> **About this exercise**
For every entry that follows, return the words exactly and omit any picture.

> **Provided information**
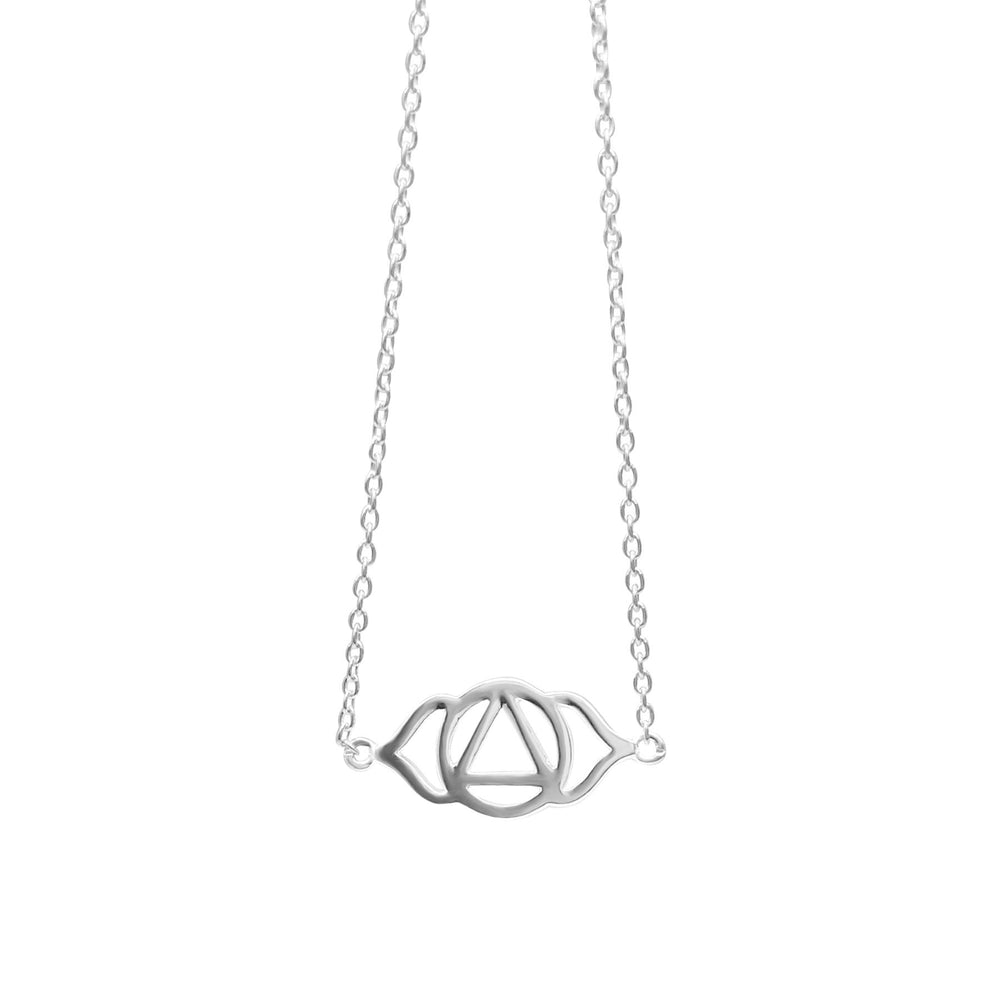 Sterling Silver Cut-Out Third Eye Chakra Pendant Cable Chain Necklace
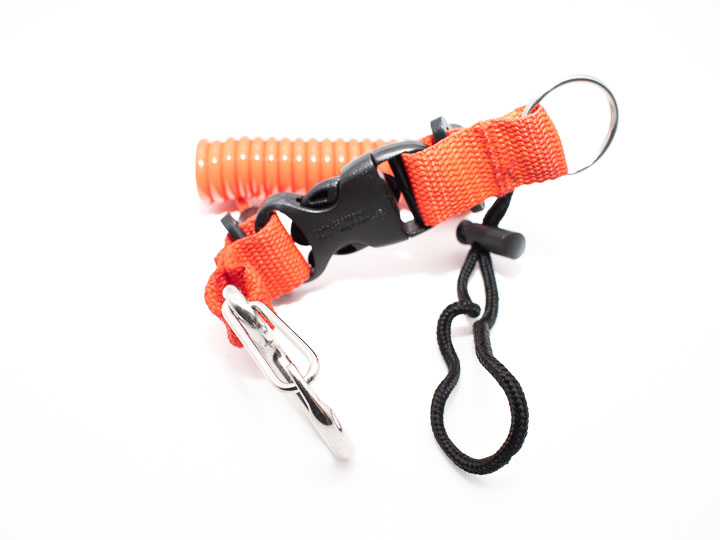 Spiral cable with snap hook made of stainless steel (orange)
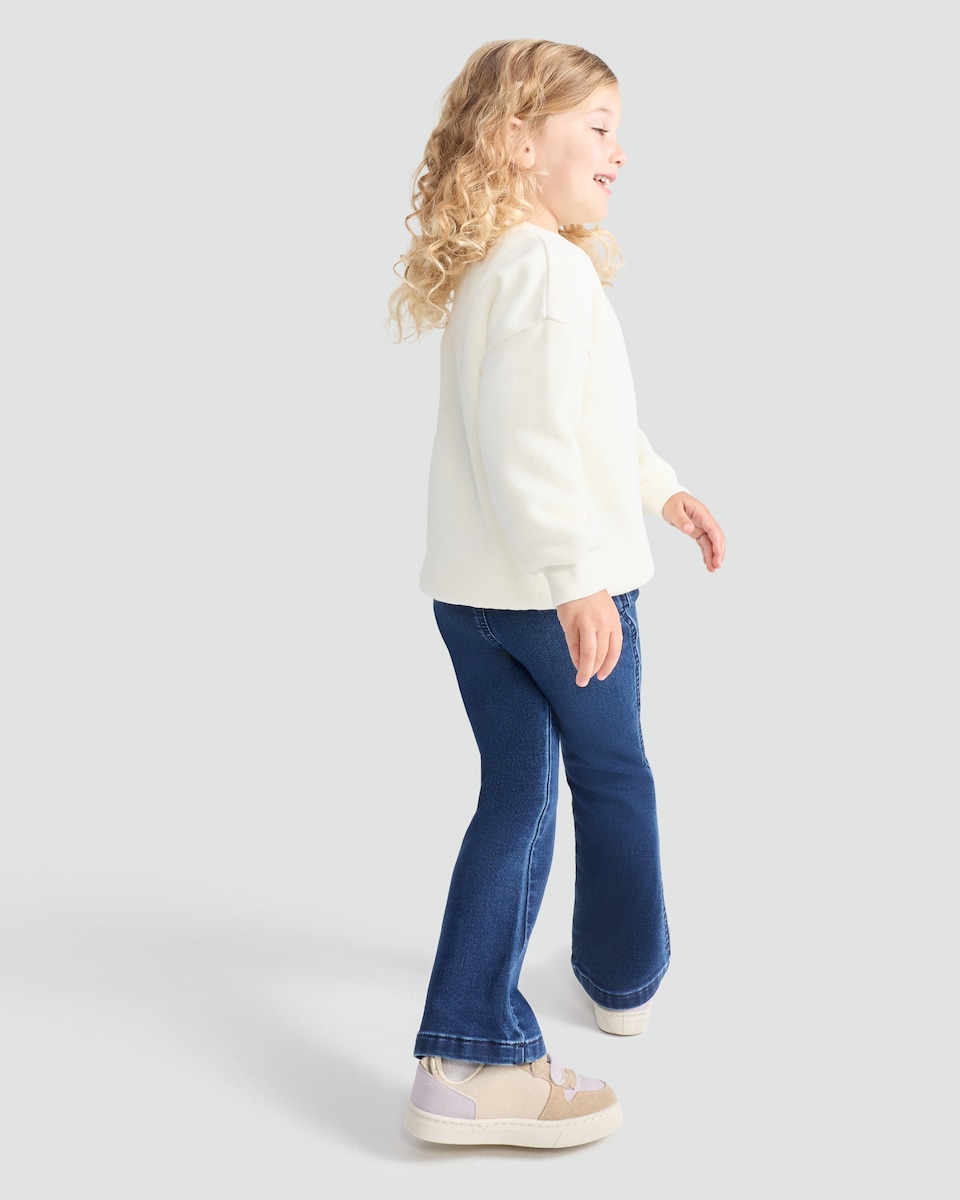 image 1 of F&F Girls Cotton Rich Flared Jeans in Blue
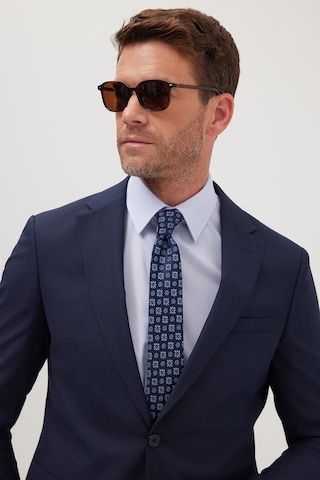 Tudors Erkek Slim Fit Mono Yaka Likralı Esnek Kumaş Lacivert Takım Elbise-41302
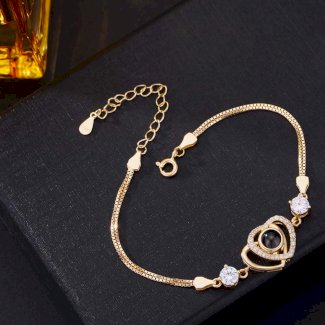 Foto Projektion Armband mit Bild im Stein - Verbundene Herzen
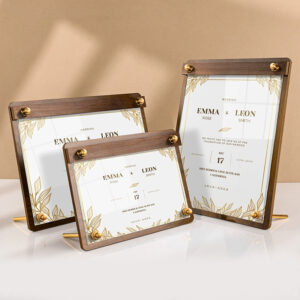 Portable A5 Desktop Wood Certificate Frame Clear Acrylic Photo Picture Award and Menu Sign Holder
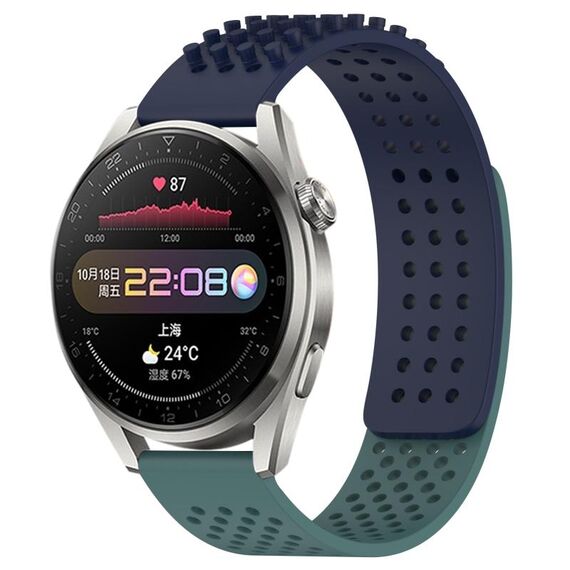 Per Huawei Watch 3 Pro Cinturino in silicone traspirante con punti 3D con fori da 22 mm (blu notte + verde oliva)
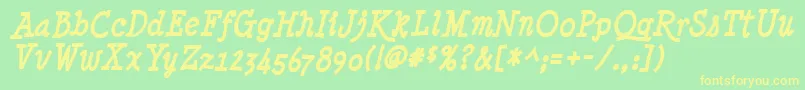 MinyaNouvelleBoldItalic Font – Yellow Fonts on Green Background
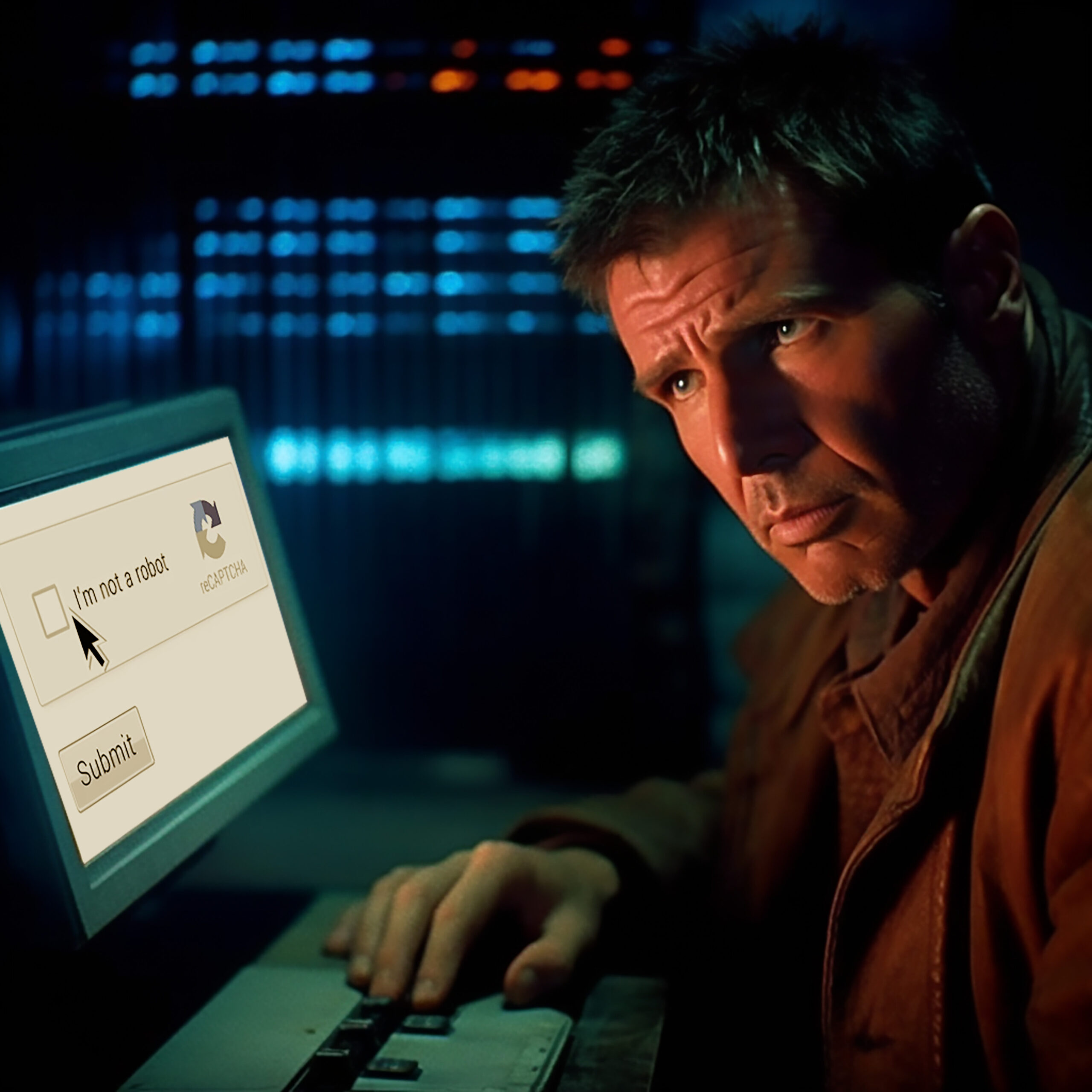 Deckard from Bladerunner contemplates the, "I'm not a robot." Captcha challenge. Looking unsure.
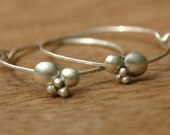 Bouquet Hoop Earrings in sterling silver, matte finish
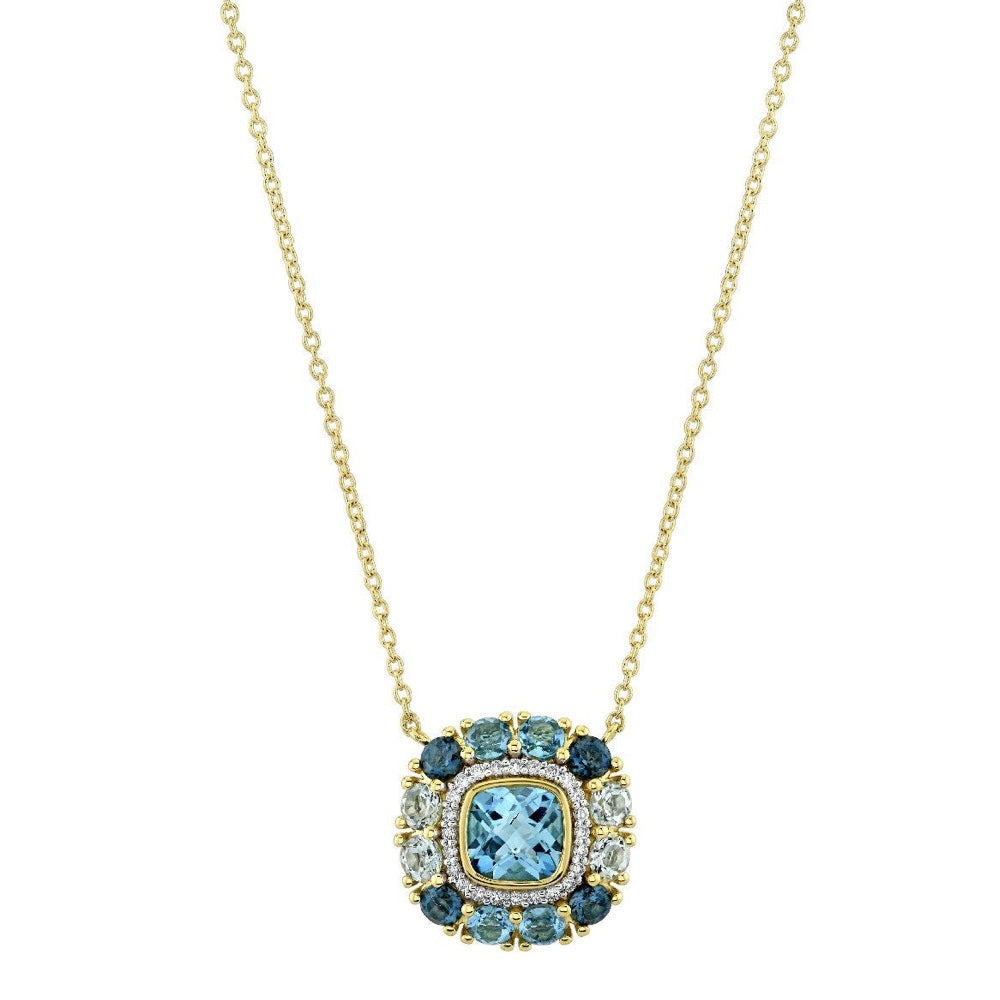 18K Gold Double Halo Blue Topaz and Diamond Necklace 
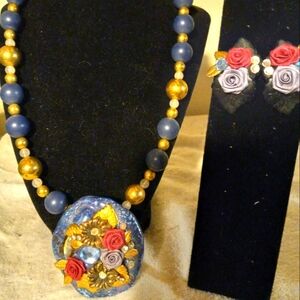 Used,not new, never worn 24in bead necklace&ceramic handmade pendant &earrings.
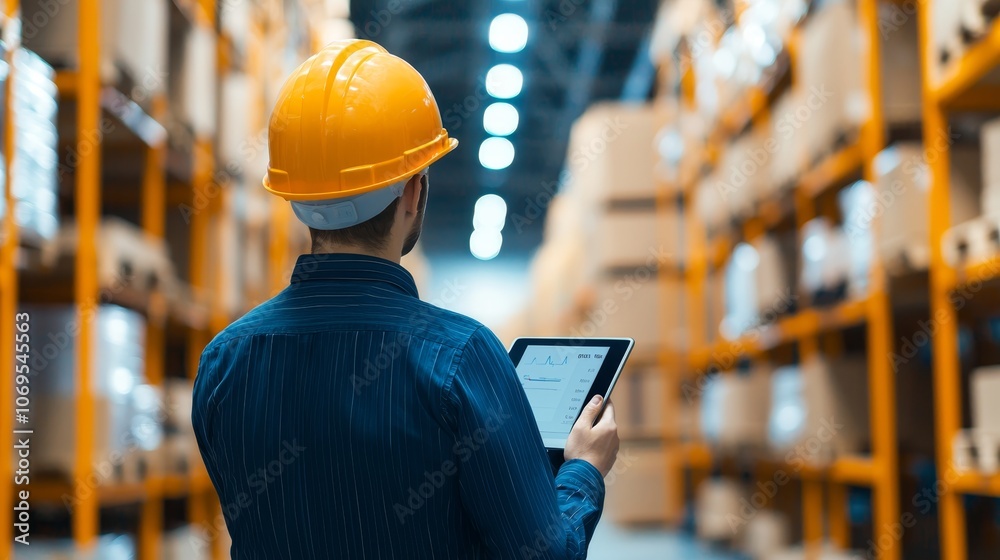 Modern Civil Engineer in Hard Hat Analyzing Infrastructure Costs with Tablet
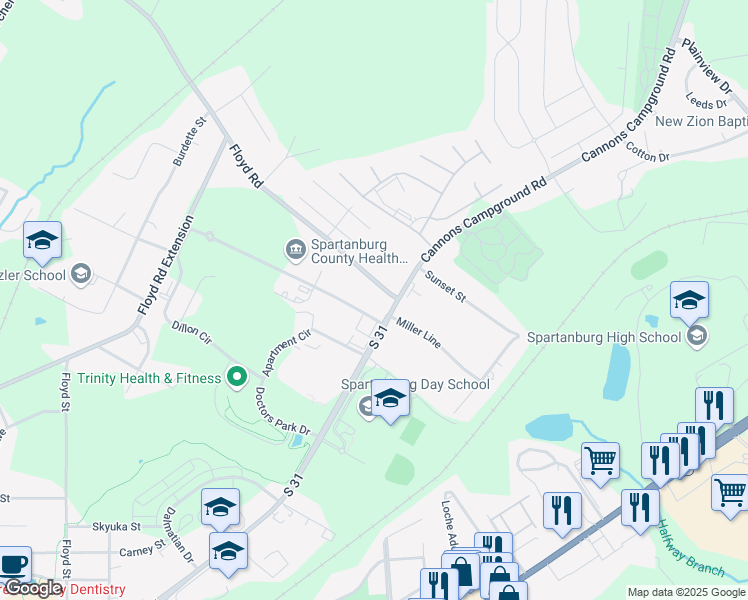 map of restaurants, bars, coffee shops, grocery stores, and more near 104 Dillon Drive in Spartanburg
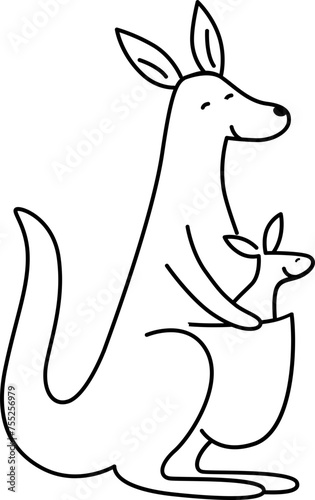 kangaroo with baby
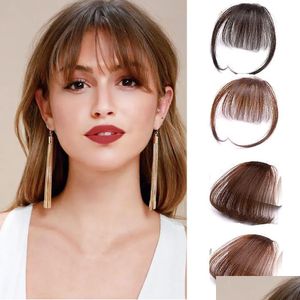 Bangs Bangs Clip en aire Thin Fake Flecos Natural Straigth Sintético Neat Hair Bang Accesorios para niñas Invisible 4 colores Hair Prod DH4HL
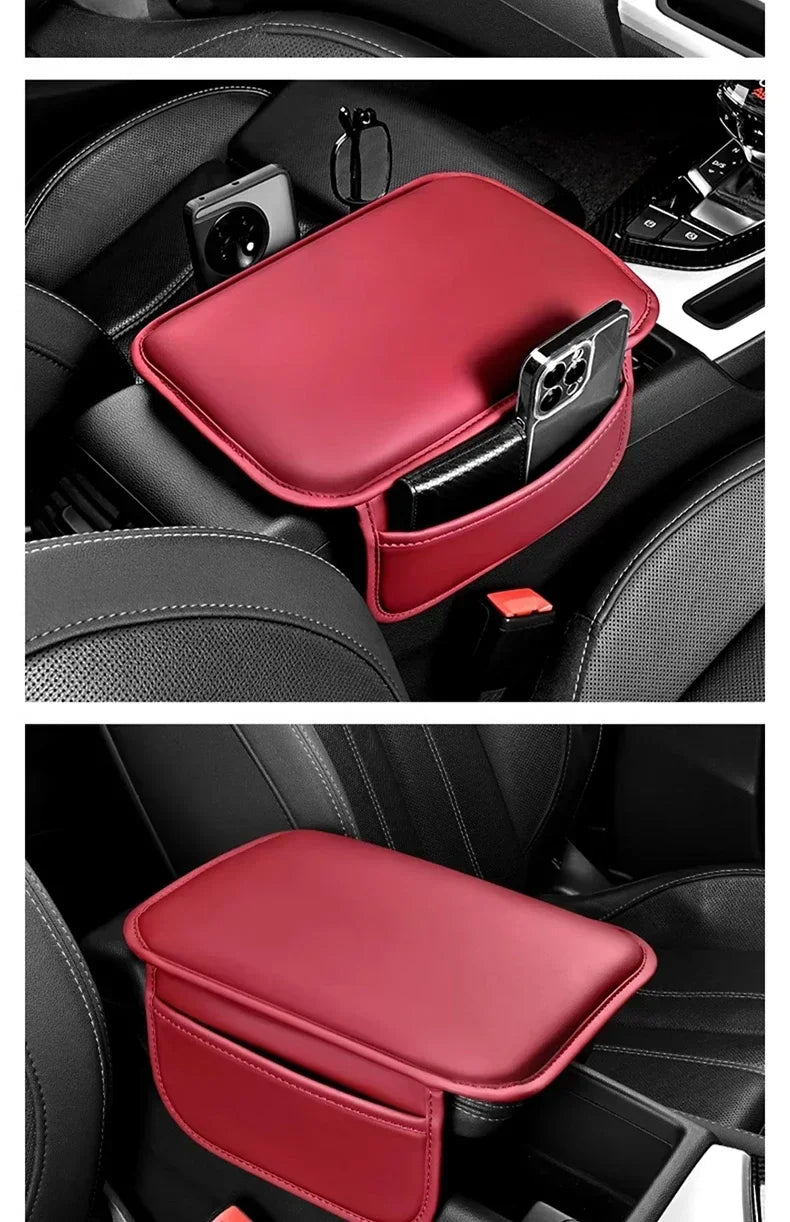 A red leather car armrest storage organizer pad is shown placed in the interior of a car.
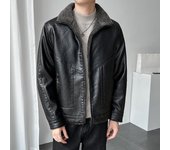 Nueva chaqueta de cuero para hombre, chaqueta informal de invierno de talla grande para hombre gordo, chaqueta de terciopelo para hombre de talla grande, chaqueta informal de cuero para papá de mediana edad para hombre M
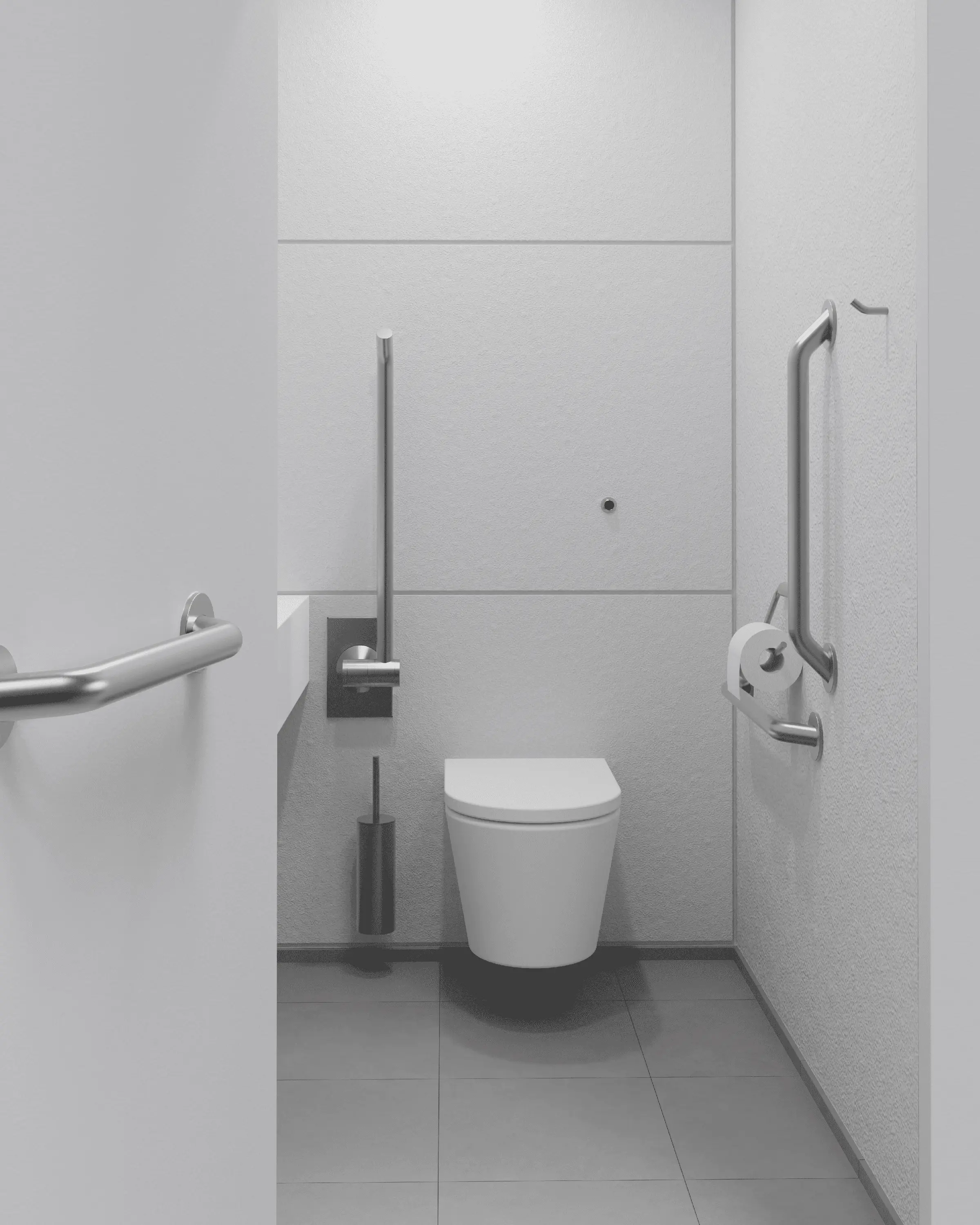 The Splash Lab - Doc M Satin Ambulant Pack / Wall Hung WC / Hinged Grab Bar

> **The answer**
 Sterling Silver Cut-Out Third Eye Chakra Pendant Cable Chain Necklace
 Spiral cable with snap hook made of stainless steel (orange)
 image 1 of F&F Girls Cotton Rich Flared Jeans in Blue
 Tudors Erkek Slim Fit Mono Yaka Likralı Esnek Kumaş Lacivert Takım Elbise-41302
 Foto Projektion Armband mit Bild im Stein - Verbundene Herzen
 Portable A5 Desktop Wood Certificate Frame Clear Acrylic Photo Picture Award and Menu Sign Holder
 Per Huawei Watch 3 Pro Cinturino in silicone traspirante con punti 3D con fori da 22 mm (blu notte + verde oliva)
 MinyaNouvelleBoldItalic Font – Yellow Fonts on Green Background
 Deckard from Bladerunner contemplates the, "I'm not a robot." Captcha challenge. Looking unsure.
 Bouquet Hoop Earrings in sterling silver, matte finish
 18K Gold Double Halo Blue Topaz and Diamond Necklace 
 Used,not new, never worn 24in bead necklace&ceramic handmade pendant &earrings.
 Modern Civil Engineer in Hard Hat Analyzing Infrastructure Costs with Tablet
 map of restaurants, bars, coffee shops, grocery stores, and more near 104 Dillon Drive in Spartanburg
 kangaroo with baby
 Bangs Bangs Clip en aire Thin Fake Flecos Natural Straigth Sintético Neat Hair Bang Accesorios para niñas Invisible 4 colores Hair Prod DH4HL
 A red leather car armrest storage organizer pad is shown placed in the interior of a car.
 Nueva chaqueta de cuero para hombre, chaqueta informal de invierno de talla grande para hombre gordo, chaqueta de terciopelo para hombre de talla grande, chaqueta informal de cuero para papá de mediana edad para hombre M
 The Splash Lab - Doc M Satin Ambulant Pack / Wall Hung WC / Hinged Grab Bar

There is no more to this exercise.